3

I have a very large set of 2D points:

numberOf2DPoints = 10^6;
pointList = RandomReal[{0, 1000}, {numberOf2DPoints, 2}];

I'd like to find a way to quickly generate a distribution I can study for the number of points within a distance $r$ from each point, and then I'd like to select points that have at least a lowerbound $k_a$ and an upperbound $k_b$ number of points within a distance $r$ of themselves. Is there a way to use a function like Nearest to accomplish this?

Clarification --- The lowerbound $k_a$ and upperbound $k_b$ refers strictly to the count for the number of points in a circular disk of radius $r$ centered on a particular point (hopefully this makes sense).

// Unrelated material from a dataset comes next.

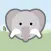 Recognize Animal Sound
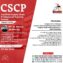 CSCP – Certified Supply chain Management Professional Training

So I'd want basically a simple histogram for what this distribution of point counts looks like, and to select points that have satisfy the upper- and lowerbound point count criterion.

RTaylor
  • 237
  • 1
  • 5

2 Answers2

5

It's not easy to find in the documentation on Nearest and NearestFunction but they can return all points within a certain radius.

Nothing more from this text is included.